The Yellow River, originating from the Yueguzonglie basin on the northern part of the Bayankela Mountain in Tibet highlands at el. 4,500 m is flowing through nine provinces, with a total length of 5,464 km, basin area795,000 km2 and, finally empties itself into the Bohai sea (Including isolated inflow area 42,000 km2) . It is the second largest river in China, and downstream being protected area of 120,000 km2 from flooding. The total population within river basin is 107 million, the cultivated land is 12 million ha. The irrigated areas in the river basin and that downstream along both banks outside the basin reach 7.33 million ha in total. In the 1990s, the runoff of the Yellow River decreased seriously. It’s important to research into the change of water cycle in Yellow river.

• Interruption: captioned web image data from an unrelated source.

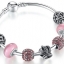สร้อยข้อมือ Diy สไตล์ Pandora กำไลข้อมือผู้หญิง กำไลเงิน ร้อยคริสตัล Glass Bead สีชมพูหวาน ๆ จี้เงิน หมวกอังกฤษ สุดหรู 688667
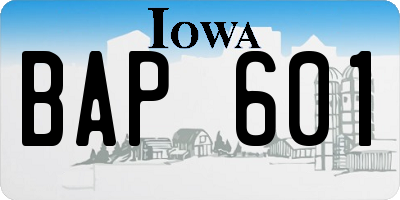 IA license plate BAP601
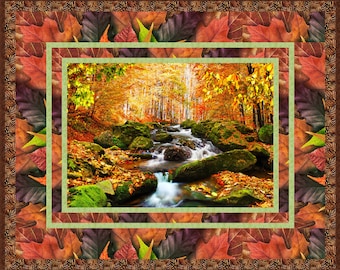 Painel de tecido para patchwork Autumn Forest River - Quadrado de tecido com folhas de outono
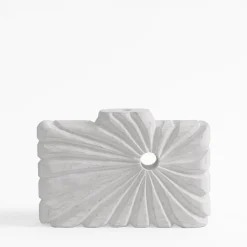 Wazony|inny Wazon żłobiony biały 18 cm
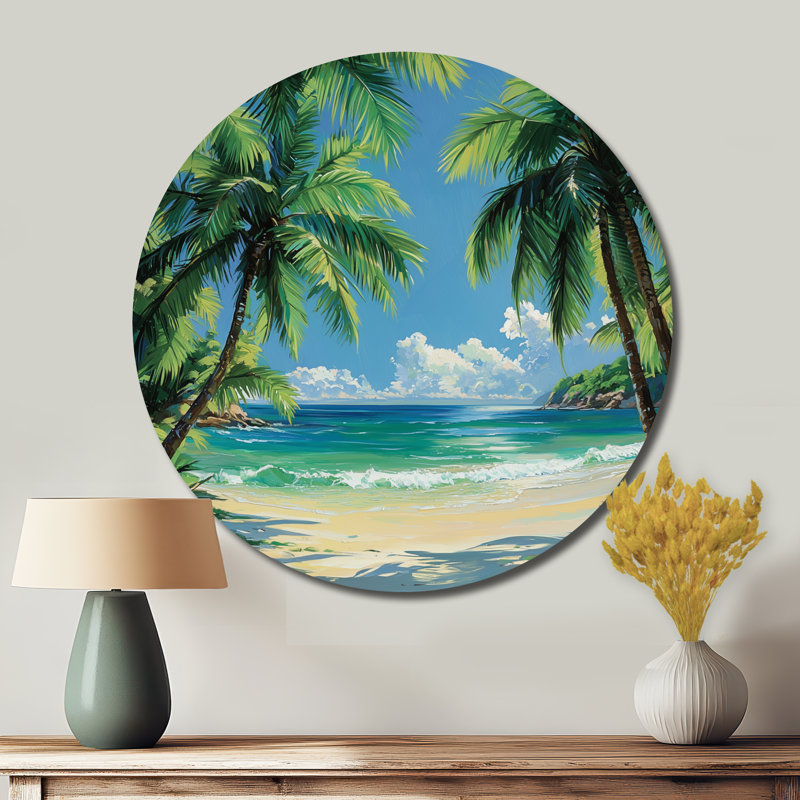 «Coastal Tropical Palms In Mexico - Palm Trees», art mural rond en métal, H 36 po x l 36 po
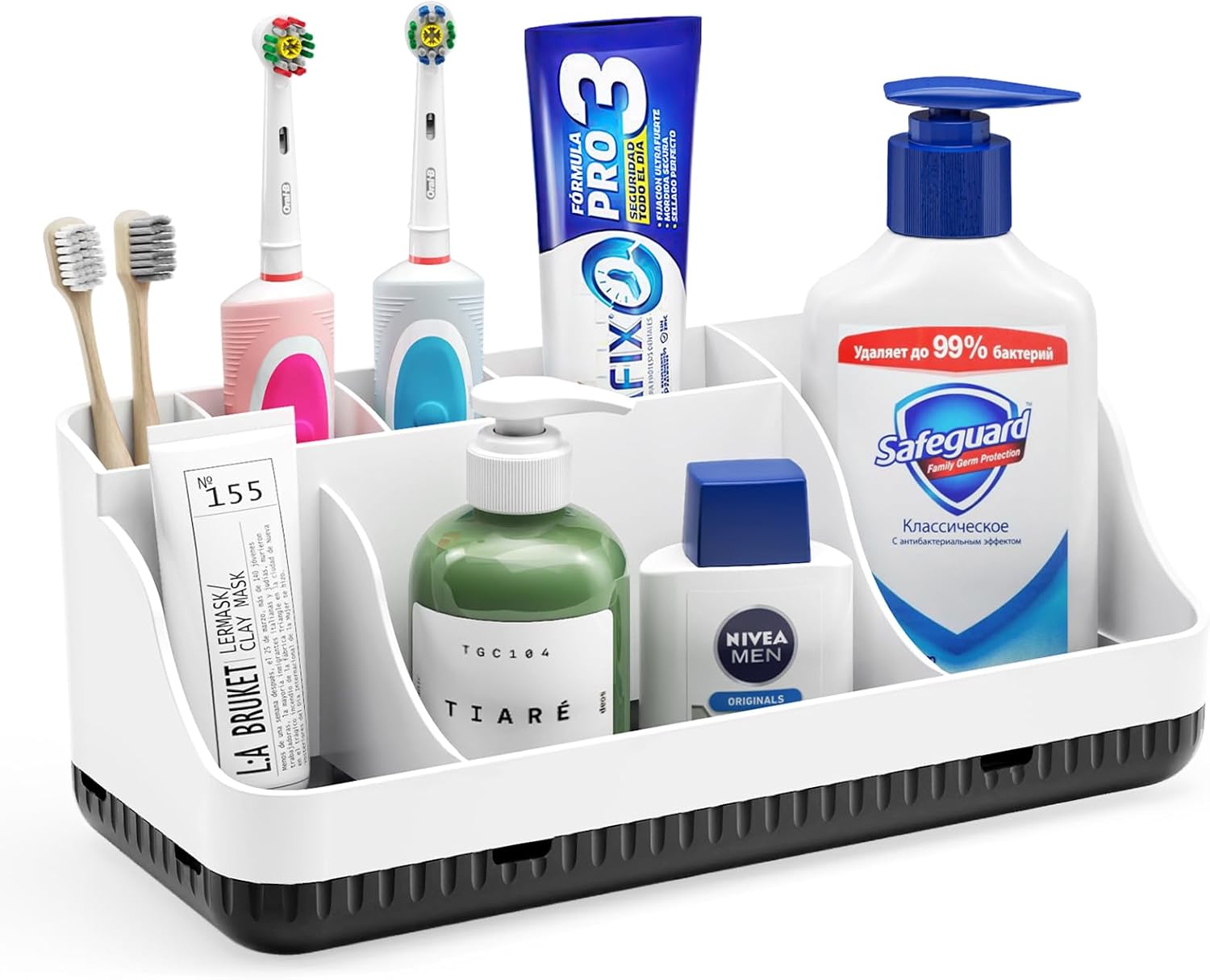 Homtalker Toothbrush Holder 7 Slots Anti-Slip Bathroom Organizer
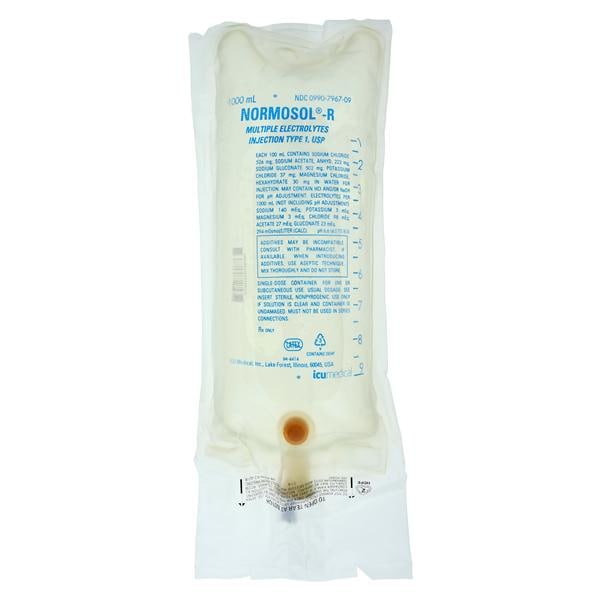 Solution Bag Normosol-R 1000mL Flexible Container DEHP 12/Case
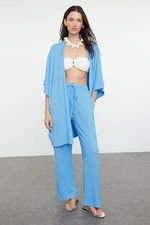 Trendyol Blue Woven Crepe Kimono Trouser Set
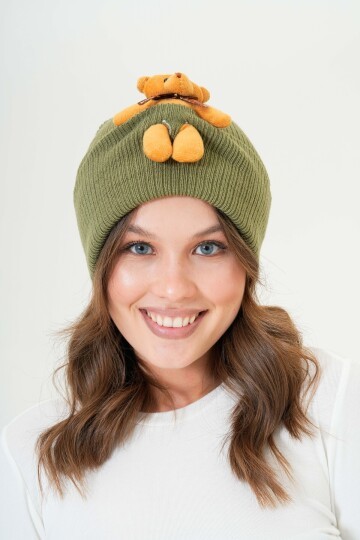 Unisex Ayılı Spor Şık Tasarım Hediyelik Bebe Mavisi Bere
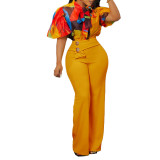 Printed standing collar long sleeve shirt top wide leg pants fashion suit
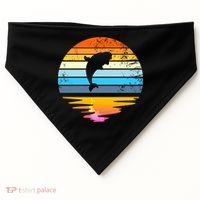 Beluga Whale Retro Sunset Save The Whales Beluga Meaningful Gift USA-Made Doggie Bandana thumb 0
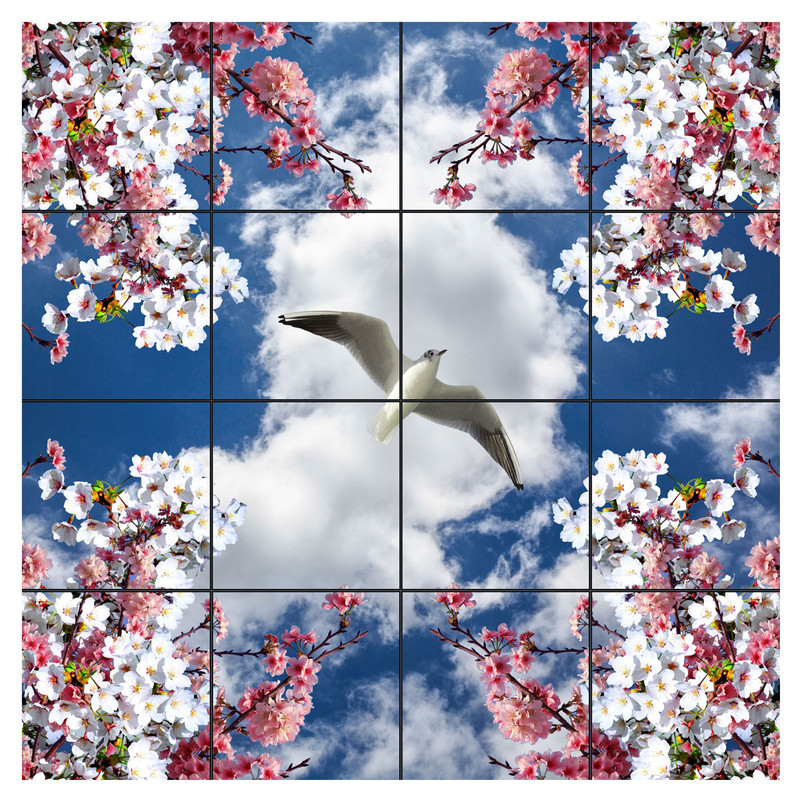 تایل سقفی آسمان مجازی طرح پرواز پرنده کد 050 سایز 60x60 سانتی متر مجموعه 16 عددی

The regions above Tangnaihai hydrologic station are the main runoff generation areas which contribute more than 35% of the total runoff with 15.3% of the total area, and are less affected by human activities. In the 1990s runoff of Tangnaihai hydrologic station experienced a serious decrease which had attracted considerable attention(Wang, 2003; Zhang et al., 2004; Liu, 2004). Liu C M(2002) investigated the Changes in components of the hydrological cycle in the Yellow River basin during the second half of the 20th century. Zheng (2003) researched the temporal runoff distribution of the study regions. Wang(2004) based on the geologic and physiognomy conditions investigated the conversion relationships between the river and groundwater in the Yellow River drainage area. However, the above studies did not provide an in-depth analysis on baseflow especially on the source regions of the Yellow River.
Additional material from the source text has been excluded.